An Ablative Pulsed Plasma Thruster Based on Multianode Electrode Geometry

Abstract

This article presents a special surface discharge achieved by a multi-anode electrode geometry (MAEG). This surface discharge can be applied to the ablative pulsed plasma thruster (APPT) and solve the problem of beam divergence. The MAEG changes the discharge characteristics of the surface discharge and extends the $Z$ -pinch existing within the thruster to the plasma plume outside of the nozzle compared with the conventional electrode geometry (CEG).

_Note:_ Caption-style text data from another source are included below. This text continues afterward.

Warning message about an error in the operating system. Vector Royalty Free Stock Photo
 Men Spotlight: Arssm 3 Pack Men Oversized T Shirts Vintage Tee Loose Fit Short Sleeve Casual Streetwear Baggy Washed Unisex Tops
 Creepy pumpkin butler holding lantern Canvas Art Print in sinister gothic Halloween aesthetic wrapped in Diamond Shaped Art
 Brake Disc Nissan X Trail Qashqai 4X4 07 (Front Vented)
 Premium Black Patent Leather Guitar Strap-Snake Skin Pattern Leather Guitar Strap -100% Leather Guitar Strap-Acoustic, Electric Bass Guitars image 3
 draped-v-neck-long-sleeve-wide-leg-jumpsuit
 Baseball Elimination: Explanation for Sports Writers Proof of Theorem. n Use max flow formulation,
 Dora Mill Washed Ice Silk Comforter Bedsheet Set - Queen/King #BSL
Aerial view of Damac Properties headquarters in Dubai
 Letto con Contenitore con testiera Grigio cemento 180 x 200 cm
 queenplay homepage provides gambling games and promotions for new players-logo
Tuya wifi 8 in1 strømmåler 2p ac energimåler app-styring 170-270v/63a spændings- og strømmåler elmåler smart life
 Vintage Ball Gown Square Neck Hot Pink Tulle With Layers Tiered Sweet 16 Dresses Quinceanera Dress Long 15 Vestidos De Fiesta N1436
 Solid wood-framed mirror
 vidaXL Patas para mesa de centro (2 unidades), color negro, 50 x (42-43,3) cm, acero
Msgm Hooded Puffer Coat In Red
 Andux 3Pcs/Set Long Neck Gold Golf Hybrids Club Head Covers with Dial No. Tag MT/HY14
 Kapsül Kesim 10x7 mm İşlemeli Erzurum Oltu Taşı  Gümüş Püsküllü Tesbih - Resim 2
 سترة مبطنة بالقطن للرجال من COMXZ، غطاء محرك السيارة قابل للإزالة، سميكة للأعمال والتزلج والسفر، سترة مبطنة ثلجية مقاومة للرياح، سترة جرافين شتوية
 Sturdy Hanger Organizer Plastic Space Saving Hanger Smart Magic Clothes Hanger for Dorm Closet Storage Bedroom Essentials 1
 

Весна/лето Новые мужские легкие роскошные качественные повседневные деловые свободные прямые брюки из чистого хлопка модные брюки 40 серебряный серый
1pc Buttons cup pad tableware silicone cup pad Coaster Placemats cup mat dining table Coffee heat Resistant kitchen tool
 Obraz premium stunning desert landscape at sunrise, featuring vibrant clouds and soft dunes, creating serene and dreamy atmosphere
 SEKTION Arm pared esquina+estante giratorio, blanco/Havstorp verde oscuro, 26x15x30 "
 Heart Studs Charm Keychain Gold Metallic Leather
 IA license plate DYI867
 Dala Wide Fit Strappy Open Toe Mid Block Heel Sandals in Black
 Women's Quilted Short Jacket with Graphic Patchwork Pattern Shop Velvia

The enhanced-MAEG further promotes the confinement effect of plasma plume by the $\theta $ -pinch. The discharge phenomenon shows that the visible plasma plume lengths of the MAEG and the enhanced-MAEG have been prolonged effectively compared with that of the CEG. The electron densities of the MAEG and the enhanced-MAEG in axial direction have also been measured to reach 3.5 and 4 times of that of the CEG. Through microthrust measurement, the MAEG APPT and the enhanced-MAEG APPT have been proven to have superior performance in terms of the impulse bit and the thrust-to-power ratio than that of the CEG APPT. The MAEG and the enhanced-MAEG could achieve improved propulsion performance with its system advantages by special electrode geometries. It has been found that the MAEG and the enhanced-MAEG have the potential to be used in the field of microsatellites propulsion.